Just 100 words or less. Prize of $100 for the funniest, most touching , and the best idea for a decoration/tradition that will remind you, and perhaps generations of your family to come, of 2020. (We might even make it for you.)

Good Earth Natural Foods is also offering $200 of groceries for the most touching. And Costco has added $100 for a 2020 memento. ( I wonder how many toilet rolls that would buy)

To add a story, please email team@goodfairy.org or give Fairyland a ring on (415) 488-6594 and ask to relate it by phone. Add a photo if you can, we can help with that too. Entries in by now extended to JAN 1st Winners announced soon after.


It was YOU.

An extra story from a nurse in Greenbrae ....which is too late to enter but is an absolute scream so included

It happened a few years ago when nurse was about 35 yrs. At a holiday gathering, a lady said : " Oh Kai, YOU were my best Christmas.'.

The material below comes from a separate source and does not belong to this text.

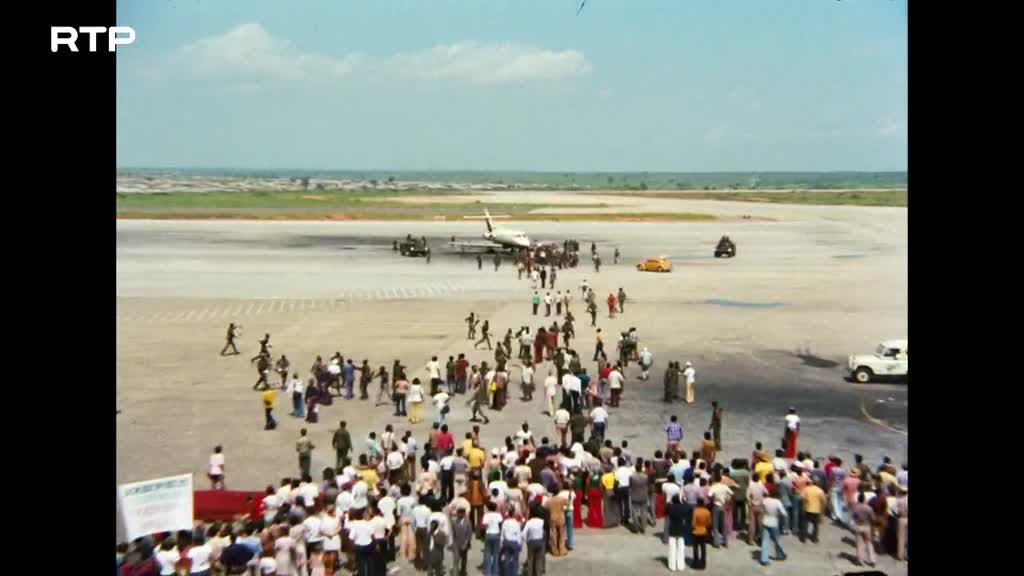 Imagem de Hora Cinemateca - Savimbi - O Muata da Paz em Luanda (1975)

The nurse couldn’t think what she meant. It turned out Kai had been baptized during the Christmas service at her church one year. An August baby, she would have been about 4 months old. The lady had been a small child in the congregation. She was feeling v sad as her Dad was away and it was a miserable year but she just loved the baby. Kai’s Mom let her come close and hold her. It was magical.

And then Kai’s Mom said: “Why don’t you keep her for a day?”

And they did. The lady and her Mom took the baby home with them for Christmas. It was the best Christmas ever. Kai’s Mom picked her up that night. !!!!


Kai, Petaluma

Warm Tamales Warm up my Christmas and Gave the Scale a Boost

When I was a child, I loved to watch my mom make tamales. I was a fairly skinny boy, but when the holidays came around the pounds would go up.I was the first one to try everything and I even tricked my mom into giving me a few meals early so I could “make sure it tasted good.”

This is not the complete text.